Global mean SATA time series of the ECHO-G SMEs can be decomposed into *scale*, *trend*, and decadal shorter-term components using the Legendre series expansions. The decomposition is applied to SATAs for the whole twentieth century (1900–99) and its first (1900–49) and second halves (1950–99). This allows an assessment of the different external forcing factors in different periods and a quantification of simple comparisons between observed and simulated time series described above. Figure 4 (left) shows the distributions of Legendre expansion coefficients for the three forced ECHO-G SMEs for the whole twentieth century. There is clear evidence that the observed coefficients *a*_{0} and *a*_{1} (amplitude for *scale* and *trend*) have positive values lying outside of the uncertainty range of ECHO-G_PD. Observed coefficients for higher degrees are within the range of internal variability (also see Fig. 1). It is found that observed coefficients *a*_{3} and *a*_{4} are significantly different from the mean of ECHO-G_PD at the 5% level assuming normal distributions, while *a*_{2} is not. In terms of conventional univariate statistics, this means that external forcing signals in global mean SATs can be detected only on time scales longer than about 50 yr, which is consistent with a previous study by Stott and Tett (1998).

The ECHO-G_GHG results for 1900–99 show positive coefficients beyond ECHO-G_PD ranges for degrees from zero to two. As seen above, the amplitude for trend is much larger than the observed. In the ECHO-G_Nat simulation, the coefficients for *a*_{0} and *a*_{1} are positive but smaller than the observed one while the coefficients *a*_{4} are close to the observations. Because the observed warming trend for 1920–45 projects strongly on LP4 (Fig. 1), this result indicates that the natural forcing might explain parts of the observed early warming. The ECHO-G_All results exhibit good consistencies with observations for Legendre degrees for 0–4 confirming that observed long-term variations of the twentieth-century global mean SATs may be attributable to both natural and anthropogenic forcing.

The Legendre coefficients for the first half of the twentieth century (1900–49) are presented in Fig. 4 (middle). Observations show a general warming of 0.15°C (*a*_{0}) and an increasing trend (*a*_{1}), both of which are beyond the internal variability range of the ECHO-G_PD runs. Observed values for higher degrees from LP2 are within the internal variabilities similar to the results for the full twentieth century. The ECHO-G_GHG runs show a similar behavior to the observations, but with weak amplitudes. The ECHO-G_Nat simulations exhibit a good skill only in two members out of five indicating the large intraensemble difference in responses to natural forcing as discussed above. The ECHO-G_All ensemble captures the observed warming for 1900–49 very well in the coefficients *a*_{0} and *a*_{1} with a small intraensemble difference or a good consistency between ensemble members.
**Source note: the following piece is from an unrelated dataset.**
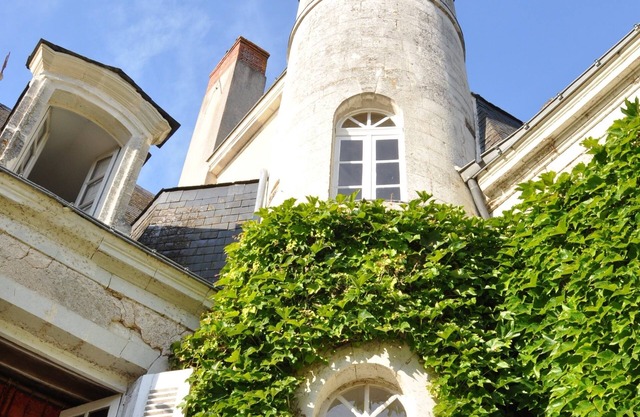 Château du Plessis - Anjou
Similar results can be found in the Legendre expansion coefficients for the second half (1950–99), where the observed mean warming from 1900–20 mean (*a*_{0}) is 0.42°C. While the ECHO-G_GHG simulations display a too-large warming and the ECHO-G_Nat runs do not have significant warming, the ECHO-G_All simulations show similar amplitude of warming although the trend (*a*_{1}) is slightly smaller than that observed. According to Roeckner at al. (1999), who used the same atmospheric model with the same historical sulfate emissions as here, the direct and first indirect aerosol forcing for 1860–1990 is estimated as −0.35 and −0.91 W m^{−2}, respectively. Subtracting Legendre coefficients of ECHO-G_GHG and ECHO-G_Nat from that of ECHO-G_All provides an estimate of aerosol cooling effect (*a*_{0} = −0.35 and *a*_{1} = −0.26 for 1950–99). They are very similar to those estimated from three-member ensemble runs with sulfate aerosol forcing only (*a*_{0} = −0.32 and *a*_{1} = −0.24), indicating linearity of the response to external forcing in the ECHO-G model (e.g., Gillett et al. 2004).

To summarize, these results show that 1) Legendre series expansion provides a useful information for climate change signal analysis, and 2) only the ECHO-G simulations with all (natural and anthropogenic together) forcing can reproduce observed global mean temporal SAT patterns not only for the whole twentieth century but also the first and second halves of the century separately.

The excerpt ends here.